Il chiostro consisteva in uno spazio più o meno ampio, a cielo aperto, circondato da portici, sempre di forma regolare e chiuso in se stesso. Nella sua pianta quadrata si ritrovano numerose simbologie che fanno del chiostro il luogo destinato alla meditazione: il quadrato rappresenta lo spazio per la prepa­razione in terra del paradiso terrestre. Nel pozzo al centro è il simbolo di Dio, la fonte della vita; l'ac­qua che in canaletti irriga i riquadri vegetali, è l'acqua della vita cui si deve attingere per meritare il paradiso. In quest'epoca il rapporto con Dio era un'esigenza molto sentita, accompagnata dalla consi­derazione della natura inaccessibile e chiusa nella sua purezza e da un timore reverenziale per il so­prannaturale. Questa concezione della vita si riflette anche nell'arte del giardino che diviene così il luogo in cui ricercare il contatto con la divinità.
Nella città medievale, sul retro delle case, sorgevano angusti orti in cui si coltivavano, in ordinati riquadri, erbe aromatiche, generi di prima necessità, a volte anche vigneti e frutteti. Sono giardini deli­mitati da un muro di cinta, che racchiudono uno spazio gelosamente chiuso e murato, l’hortus conclusus, il giardino perfetto, dove la natura ritrova l'originaria bellezza della creazione.

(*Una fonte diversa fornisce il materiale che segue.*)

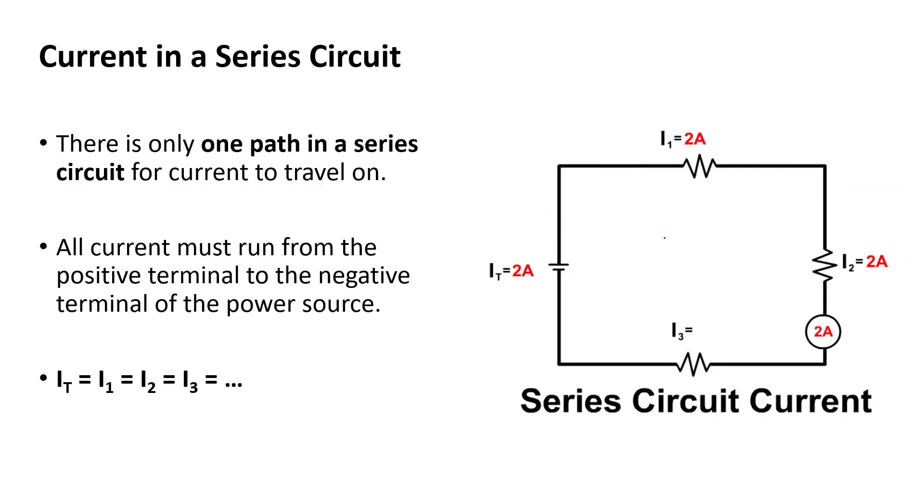With current: if you know current anywhere in a series circuit, you know it everywhere. If there are two amps at resistor 1, that same two amps flows through every other resistor and back to the battery. Think of current like a flow — like cars on one road. Because there's only one road, that current has to go through everything. That's why the total current is two amps, not two plus two plus two.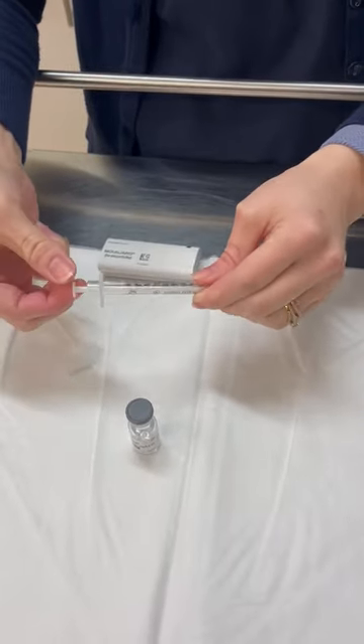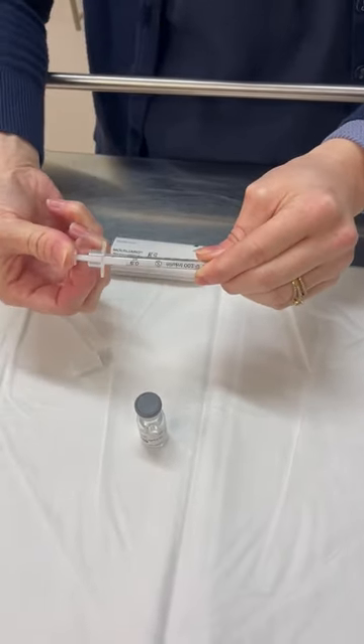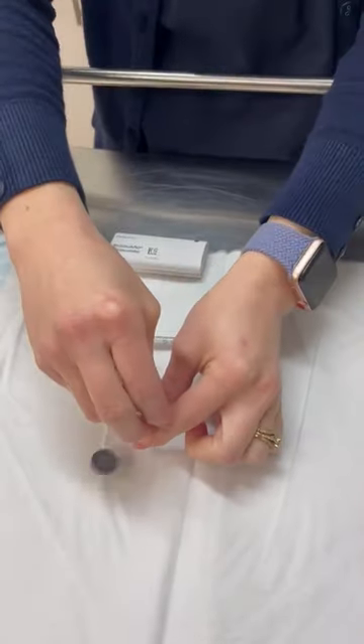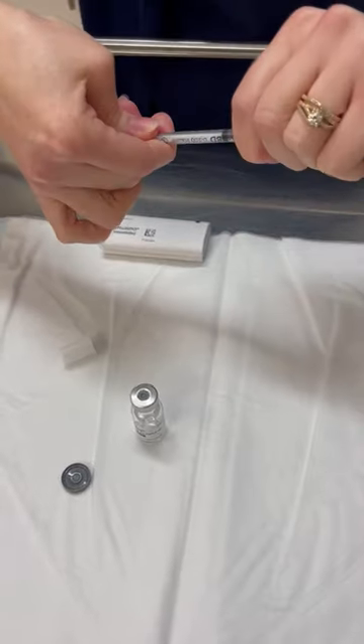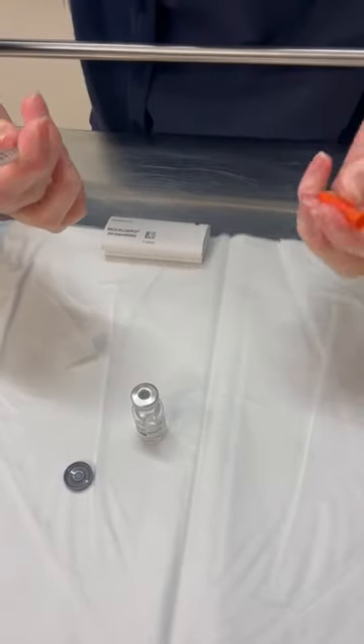Pull this cap off, which then allows you to pull the syringe plunger — you gonna flick the cap off. That which I've already done. Needle comes straight off usually. Yep, so needle's off.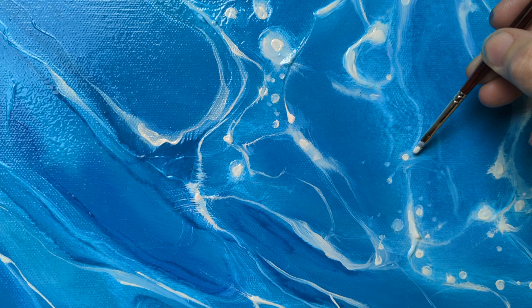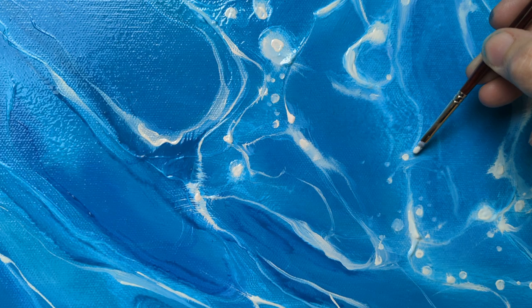He was an absolute genius at lace collars and this sort of thing, where he just used little sparkles, little spots, very thick. And yeah, so that's kind of what's going to work here, I hope.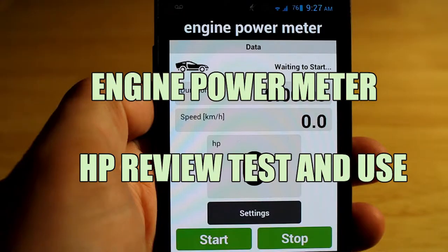Hi YouTube and welcome to Car Mechanical. Today I'm going to give a review of an Android application that measures car horsepower. The one I'm showing is called Engine Power Meter, however there are plenty of alternatives out there — they work in fairly the same way. What's pretty unique about this one and the reason I've used it is it just uses information from your phone.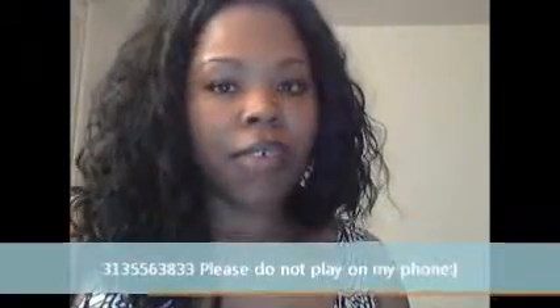Now, if you have any more questions regarding the screen, you can reach me on Facebook — look me up, I'm Aletha J, Aletha Jones, or Aletha Right For You Jones. Or you can reach me at ajonesqueem at gmail.com, that's A-J-O-N-E-S-Q-U-E-E-M at gmail.com, or you can call me at 313-556-3833. Thank you and have a great day.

Dei giardini medievali che furono all'interno delle mura dei castelli, nei chiostri dei monasteri o alle spalle delle case restano alcune descrizioni letterarie, rappresentazioni pittoriche e numerose miniatu­re di notevole valore documentario. Un modello di hortus conclusus è rappresentato dal piccolo dipin­to (olio su tela) del "Maestro del Giardino Paradiso" dell'inizio del sec. XV, di un ignoto autore renano conservato a Francoforte, che riproduce l'ideale medievale di bellezza di natura assoluta e sovraterrena.